◆ Task prompt ◆
Each line below is to be copied out exactly, and none may be omitted.

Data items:
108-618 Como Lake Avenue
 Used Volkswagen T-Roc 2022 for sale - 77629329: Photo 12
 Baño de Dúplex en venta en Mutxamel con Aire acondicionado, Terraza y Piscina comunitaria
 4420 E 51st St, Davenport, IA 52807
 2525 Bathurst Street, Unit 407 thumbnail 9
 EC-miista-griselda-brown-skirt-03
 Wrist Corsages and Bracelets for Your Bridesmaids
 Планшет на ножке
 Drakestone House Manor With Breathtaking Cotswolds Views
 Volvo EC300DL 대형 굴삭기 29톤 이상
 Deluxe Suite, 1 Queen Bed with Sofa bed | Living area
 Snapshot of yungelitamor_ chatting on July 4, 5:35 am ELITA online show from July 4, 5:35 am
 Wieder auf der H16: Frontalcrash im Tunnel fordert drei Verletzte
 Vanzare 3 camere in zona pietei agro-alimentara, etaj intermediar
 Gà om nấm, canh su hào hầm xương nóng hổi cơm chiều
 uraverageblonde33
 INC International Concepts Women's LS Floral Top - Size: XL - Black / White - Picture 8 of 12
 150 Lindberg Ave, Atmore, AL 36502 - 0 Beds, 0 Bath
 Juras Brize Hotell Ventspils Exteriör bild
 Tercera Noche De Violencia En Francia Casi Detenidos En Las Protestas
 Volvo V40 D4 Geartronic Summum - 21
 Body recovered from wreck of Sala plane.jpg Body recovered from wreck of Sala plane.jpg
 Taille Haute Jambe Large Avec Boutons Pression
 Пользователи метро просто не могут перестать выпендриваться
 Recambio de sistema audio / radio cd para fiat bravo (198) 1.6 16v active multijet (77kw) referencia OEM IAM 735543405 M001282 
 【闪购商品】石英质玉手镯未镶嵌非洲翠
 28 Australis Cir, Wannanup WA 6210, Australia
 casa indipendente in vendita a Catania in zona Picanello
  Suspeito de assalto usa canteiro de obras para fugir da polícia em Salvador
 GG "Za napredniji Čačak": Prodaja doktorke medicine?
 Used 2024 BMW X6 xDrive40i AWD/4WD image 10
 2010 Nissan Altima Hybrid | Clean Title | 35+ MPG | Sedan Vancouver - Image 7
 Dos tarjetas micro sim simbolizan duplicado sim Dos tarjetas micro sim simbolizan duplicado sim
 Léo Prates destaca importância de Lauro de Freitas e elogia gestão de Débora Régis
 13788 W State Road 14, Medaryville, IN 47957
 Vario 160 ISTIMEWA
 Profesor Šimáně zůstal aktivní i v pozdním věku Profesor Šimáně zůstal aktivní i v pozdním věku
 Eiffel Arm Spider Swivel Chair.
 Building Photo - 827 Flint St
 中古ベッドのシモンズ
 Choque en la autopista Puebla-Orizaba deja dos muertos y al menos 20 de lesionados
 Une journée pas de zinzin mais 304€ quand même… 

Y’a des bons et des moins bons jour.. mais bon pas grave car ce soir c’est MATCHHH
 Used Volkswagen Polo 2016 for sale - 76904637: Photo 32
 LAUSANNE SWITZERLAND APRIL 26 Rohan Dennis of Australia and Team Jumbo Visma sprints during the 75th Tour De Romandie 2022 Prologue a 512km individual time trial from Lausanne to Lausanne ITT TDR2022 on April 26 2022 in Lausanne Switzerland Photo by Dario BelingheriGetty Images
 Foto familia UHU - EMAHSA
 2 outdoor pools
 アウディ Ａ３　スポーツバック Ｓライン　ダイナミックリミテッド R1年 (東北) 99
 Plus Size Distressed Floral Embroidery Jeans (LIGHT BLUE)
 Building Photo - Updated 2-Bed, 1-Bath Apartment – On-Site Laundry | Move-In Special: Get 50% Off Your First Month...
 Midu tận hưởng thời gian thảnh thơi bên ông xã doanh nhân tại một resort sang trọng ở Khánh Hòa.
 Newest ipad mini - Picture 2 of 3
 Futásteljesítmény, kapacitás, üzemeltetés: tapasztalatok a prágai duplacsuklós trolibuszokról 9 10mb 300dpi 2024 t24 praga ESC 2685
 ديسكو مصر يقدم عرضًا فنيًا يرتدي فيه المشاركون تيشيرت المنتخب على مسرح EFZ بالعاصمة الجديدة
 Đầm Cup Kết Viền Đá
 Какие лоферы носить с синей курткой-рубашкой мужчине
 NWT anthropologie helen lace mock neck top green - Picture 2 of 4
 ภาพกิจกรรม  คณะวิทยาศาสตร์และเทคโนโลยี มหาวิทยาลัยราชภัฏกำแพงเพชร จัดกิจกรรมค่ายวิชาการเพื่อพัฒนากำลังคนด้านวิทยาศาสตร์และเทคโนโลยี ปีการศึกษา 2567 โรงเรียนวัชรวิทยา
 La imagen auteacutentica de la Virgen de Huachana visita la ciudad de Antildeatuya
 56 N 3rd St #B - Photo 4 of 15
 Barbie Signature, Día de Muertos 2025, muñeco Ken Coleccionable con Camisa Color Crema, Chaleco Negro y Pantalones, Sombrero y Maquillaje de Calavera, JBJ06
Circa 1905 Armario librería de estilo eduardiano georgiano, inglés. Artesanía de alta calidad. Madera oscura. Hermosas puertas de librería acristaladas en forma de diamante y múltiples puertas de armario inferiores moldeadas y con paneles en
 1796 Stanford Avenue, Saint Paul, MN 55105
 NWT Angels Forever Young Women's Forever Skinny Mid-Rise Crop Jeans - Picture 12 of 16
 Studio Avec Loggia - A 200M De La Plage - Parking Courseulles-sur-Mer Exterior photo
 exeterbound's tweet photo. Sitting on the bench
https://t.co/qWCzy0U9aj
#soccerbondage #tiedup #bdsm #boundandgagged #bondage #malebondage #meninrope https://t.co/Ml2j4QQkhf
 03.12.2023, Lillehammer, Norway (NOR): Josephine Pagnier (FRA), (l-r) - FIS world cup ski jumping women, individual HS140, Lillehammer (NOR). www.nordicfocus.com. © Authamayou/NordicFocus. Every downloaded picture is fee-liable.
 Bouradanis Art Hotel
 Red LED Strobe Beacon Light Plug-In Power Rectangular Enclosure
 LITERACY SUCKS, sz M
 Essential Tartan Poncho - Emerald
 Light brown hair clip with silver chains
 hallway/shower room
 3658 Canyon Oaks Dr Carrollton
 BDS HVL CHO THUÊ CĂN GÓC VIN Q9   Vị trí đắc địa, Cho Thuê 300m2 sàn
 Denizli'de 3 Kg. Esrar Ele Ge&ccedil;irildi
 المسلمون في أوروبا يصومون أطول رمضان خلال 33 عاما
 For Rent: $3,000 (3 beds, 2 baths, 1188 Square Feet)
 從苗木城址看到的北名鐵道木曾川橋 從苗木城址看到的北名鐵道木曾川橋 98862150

◆ Result ◆
108-618 Como Lake Avenue
 Used Volkswagen T-Roc 2022 for sale - 77629329: Photo 12
 Baño de Dúplex en venta en Mutxamel con Aire acondicionado, Terraza y Piscina comunitaria
 4420 E 51st St, Davenport, IA 52807
 2525 Bathurst Street, Unit 407 thumbnail 9
 EC-miista-griselda-brown-skirt-03
 Wrist Corsages and Bracelets for Your Bridesmaids
 Планшет на ножке
 Drakestone House Manor With Breathtaking Cotswolds Views
 Volvo EC300DL 대형 굴삭기 29톤 이상
 Deluxe Suite, 1 Queen Bed with Sofa bed | Living area
 Snapshot of yungelitamor_ chatting on July 4, 5:35 am ELITA online show from July 4, 5:35 am
 Wieder auf der H16: Frontalcrash im Tunnel fordert drei Verletzte
 Vanzare 3 camere in zona pietei agro-alimentara, etaj intermediar
 Gà om nấm, canh su hào hầm xương nóng hổi cơm chiều
 uraverageblonde33
 INC International Concepts Women's LS Floral Top - Size: XL - Black / White - Picture 8 of 12
 150 Lindberg Ave, Atmore, AL 36502 - 0 Beds, 0 Bath
 Juras Brize Hotell Ventspils Exteriör bild
 Tercera Noche De Violencia En Francia Casi Detenidos En Las Protestas
 Volvo V40 D4 Geartronic Summum - 21
 Body recovered from wreck of Sala plane.jpg Body recovered from wreck of Sala plane.jpg
 Taille Haute Jambe Large Avec Boutons Pression
 Пользователи метро просто не могут перестать выпендриваться
 Recambio de sistema audio / radio cd para fiat bravo (198) 1.6 16v active multijet (77kw) referencia OEM IAM 735543405 M001282 
 【闪购商品】石英质玉手镯未镶嵌非洲翠
 28 Australis Cir, Wannanup WA 6210, Australia
 casa indipendente in vendita a Catania in zona Picanello
  Suspeito de assalto usa canteiro de obras para fugir da polícia em Salvador
 GG "Za napredniji Čačak": Prodaja doktorke medicine?
 Used 2024 BMW X6 xDrive40i AWD/4WD image 10
 2010 Nissan Altima Hybrid | Clean Title | 35+ MPG | Sedan Vancouver - Image 7
 Dos tarjetas micro sim simbolizan duplicado sim Dos tarjetas micro sim simbolizan duplicado sim
 Léo Prates destaca importância de Lauro de Freitas e elogia gestão de Débora Régis
 13788 W State Road 14, Medaryville, IN 47957
 Vario 160 ISTIMEWA
 Profesor Šimáně zůstal aktivní i v pozdním věku Profesor Šimáně zůstal aktivní i v pozdním věku
 Eiffel Arm Spider Swivel Chair.
 Building Photo - 827 Flint St
 中古ベッドのシモンズ
 Choque en la autopista Puebla-Orizaba deja dos muertos y al menos 20 de lesionados
 Une journée pas de zinzin mais 304€ quand même… 

Y’a des bons et des moins bons jour.. mais bon pas grave car ce soir c’est MATCHHH
 Used Volkswagen Polo 2016 for sale - 76904637: Photo 32
 LAUSANNE SWITZERLAND APRIL 26 Rohan Dennis of Australia and Team Jumbo Visma sprints during the 75th Tour De Romandie 2022 Prologue a 512km individual time trial from Lausanne to Lausanne ITT TDR2022 on April 26 2022 in Lausanne Switzerland Photo by Dario BelingheriGetty Images
 Foto familia UHU - EMAHSA
 2 outdoor pools
 アウディ Ａ３　スポーツバック Ｓライン　ダイナミックリミテッド R1年 (東北) 99
 Plus Size Distressed Floral Embroidery Jeans (LIGHT BLUE)
 Building Photo - Updated 2-Bed, 1-Bath Apartment – On-Site Laundry | Move-In Special: Get 50% Off Your First Month...
 Midu tận hưởng thời gian thảnh thơi bên ông xã doanh nhân tại một resort sang trọng ở Khánh Hòa.
 Newest ipad mini - Picture 2 of 3
 Futásteljesítmény, kapacitás, üzemeltetés: tapasztalatok a prágai duplacsuklós trolibuszokról 9 10mb 300dpi 2024 t24 praga ESC 2685
 ديسكو مصر يقدم عرضًا فنيًا يرتدي فيه المشاركون تيشيرت المنتخب على مسرح EFZ بالعاصمة الجديدة
 Đầm Cup Kết Viền Đá
 Какие лоферы носить с синей курткой-рубашкой мужчине
 NWT anthropologie helen lace mock neck top green - Picture 2 of 4
 ภาพกิจกรรม  คณะวิทยาศาสตร์และเทคโนโลยี มหาวิทยาลัยราชภัฏกำแพงเพชร จัดกิจกรรมค่ายวิชาการเพื่อพัฒนากำลังคนด้านวิทยาศาสตร์และเทคโนโลยี ปีการศึกษา 2567 โรงเรียนวัชรวิทยา
 La imagen auteacutentica de la Virgen de Huachana visita la ciudad de Antildeatuya
 56 N 3rd St #B - Photo 4 of 15
 Barbie Signature, Día de Muertos 2025, muñeco Ken Coleccionable con Camisa Color Crema, Chaleco Negro y Pantalones, Sombrero y Maquillaje de Calavera, JBJ06
Circa 1905 Armario librería de estilo eduardiano georgiano, inglés. Artesanía de alta calidad. Madera oscura. Hermosas puertas de librería acristaladas en forma de diamante y múltiples puertas de armario inferiores moldeadas y con paneles en
 1796 Stanford Avenue, Saint Paul, MN 55105
 NWT Angels Forever Young Women's Forever Skinny Mid-Rise Crop Jeans - Picture 12 of 16
 Studio Avec Loggia - A 200M De La Plage - Parking Courseulles-sur-Mer Exterior photo
 exeterbound's tweet photo. Sitting on the bench
https://t.co/qWCzy0U9aj
#soccerbondage #tiedup #bdsm #boundandgagged #bondage #malebondage #meninrope https://t.co/Ml2j4QQkhf
 03.12.2023, Lillehammer, Norway (NOR): Josephine Pagnier (FRA), (l-r) - FIS world cup ski jumping women, individual HS140, Lillehammer (NOR). www.nordicfocus.com. © Authamayou/NordicFocus. Every downloaded picture is fee-liable.
 Bouradanis Art Hotel
 Red LED Strobe Beacon Light Plug-In Power Rectangular Enclosure
 LITERACY SUCKS, sz M
 Essential Tartan Poncho - Emerald
 Light brown hair clip with silver chains
 hallway/shower room
 3658 Canyon Oaks Dr Carrollton
 BDS HVL CHO THUÊ CĂN GÓC VIN Q9   Vị trí đắc địa, Cho Thuê 300m2 sàn
 Denizli'de 3 Kg. Esrar Ele Ge&ccedil;irildi
 المسلمون في أوروبا يصومون أطول رمضان خلال 33 عاما
 For Rent: $3,000 (3 beds, 2 baths, 1188 Square Feet)
 從苗木城址看到的北名鐵道木曾川橋 從苗木城址看到的北名鐵道木曾川橋 98862150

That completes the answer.